The potlatch was held in the school gymnasium and included everyone in the Park; Bobby and Dinah, Mandy and Chick, Auntie Joy, Auntie Viola, Martin, Axenia, Dan O'Brian, George Perry, rangers, homesteaders, miners, loggers, Park rats, Aleuts. There were Eyaks from Cordova, Athabaskans from the Interior, Tlingits and Haidas and Tsimshians from Southeast, Yupiks and Inupiats from the north and west, all mourning their loss together. There was blood stew and maqtaq, macaroni and cheese, seal blubber and moose steak, pilot bread and peanut butter, Eskimo ice cream and alodiks. Kate gave away her grandmother's possessions, a mass of gifts and memorabilia that included baleen and walrus tusks, harpoons and Attu baskets, dance masks and stone lamps, countless carvings of wood and bone and ivory and soapstone, and skins of bear and seal and moose and caribou and wolf and fox.

The Association banner she gave to Billy Mike, who had been elected the new chairman of the Niniltna board.

Smiling, Billy promised Kate to remember what it stood for.

Smiling, she promised to remind him when he forgot.

Ekaterina's house by the Niniltna River she gave to Martha Barnes and her children.

A fat photo album, filled with the pictures of relatives and friends with which emaa had papered her kitchen wall, she kept for herself.

"What happened with Jane? What did the judge decide?"

A pleased chuckle rumbled up from the chest beneath her cheek. "The damndest thing. She dropped the case."

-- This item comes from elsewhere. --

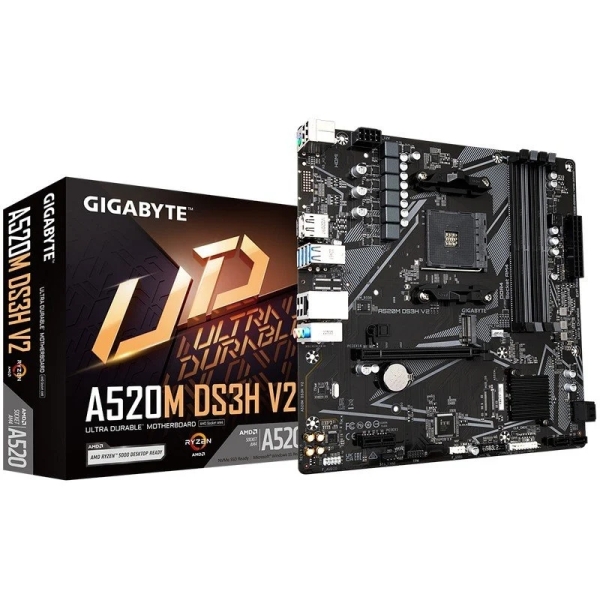Gigabyte A520M DS3H V2 Scheda madre AMD AM4 4xDDR4 - M.2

Kate infused her voice with surprise. "You're kidding."

"No, really, she flat dropped it." He grinned against her hair. The judge was so pissed off at her for wasting the court's time on a case that should have been settled before it ever got in front of him that he made Jane pay all the court costs."

"No."

"Yes."

"Outstanding." "We thought so."

Jack sounded very smug, but Kate didn't grudge it. She could not resist asking. "Why? Why'd she'd drop the case, I mean."

"Officially, I know nothing."

"Of course not."

"But her lawyer let it drop to my lawyer that Jane bounced a check off her. Her lawyer, not mine."

Kate turned her face to hide a smile in the front of his shirt.

"Really?"

"Really. So her lawyer fired her, and if she was bouncing checks off her lawyer she may have been bouncing checks all over town, and if she was bouncing checks all over town she probably couldn't get another lawyer."

"So Johnny's yours?"

"Mine. The judge made her say so, in court and in writing."

"Johnny happy?" He thought. "More relieved than anything, I think."

"Nobody likes being the bone the dogs are fighting over."

He winced at the analogy, which was too close to the truth for comfort.

"I guess not."

She raised her head and kissed him. "Congratulations, Dad."

"Thank you." He returned the kiss with interest, and shifted so she could snuggle comfortably back into his embrace. "Now," he asked the air over her head, "you want to tell me how you did it?"

She went very still. "What makes you think I had anything to do with it?"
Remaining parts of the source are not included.